> [LISTED ENTRIES]:
►
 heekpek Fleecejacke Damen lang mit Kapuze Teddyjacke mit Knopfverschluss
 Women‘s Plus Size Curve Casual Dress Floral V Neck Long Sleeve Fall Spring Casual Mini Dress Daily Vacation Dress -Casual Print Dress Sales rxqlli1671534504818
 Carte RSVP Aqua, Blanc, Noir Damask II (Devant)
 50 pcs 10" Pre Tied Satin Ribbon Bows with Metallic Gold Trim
◄
►
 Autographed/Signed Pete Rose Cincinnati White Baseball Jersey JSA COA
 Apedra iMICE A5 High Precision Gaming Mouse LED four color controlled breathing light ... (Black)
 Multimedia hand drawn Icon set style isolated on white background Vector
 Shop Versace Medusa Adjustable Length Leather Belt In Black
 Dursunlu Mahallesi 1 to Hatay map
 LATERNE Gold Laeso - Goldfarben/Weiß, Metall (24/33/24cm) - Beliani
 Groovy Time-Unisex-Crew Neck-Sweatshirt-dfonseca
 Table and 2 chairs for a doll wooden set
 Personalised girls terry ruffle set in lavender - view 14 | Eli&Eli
◄
> [EXERCISE REQUIREMENTS]:
There is a run of lines above from the one with "Women‘s Plus Size" to the one with "Metallic Gold Trim"; print exactly that run, both ends included, and nothing else.

> [WRITTEN SOLUTION]:
 Women‘s Plus Size Curve Casual Dress Floral V Neck Long Sleeve Fall Spring Casual Mini Dress Daily Vacation Dress -Casual Print Dress Sales rxqlli1671534504818
 Carte RSVP Aqua, Blanc, Noir Damask II (Devant)
 50 pcs 10" Pre Tied Satin Ribbon Bows with Metallic Gold Trim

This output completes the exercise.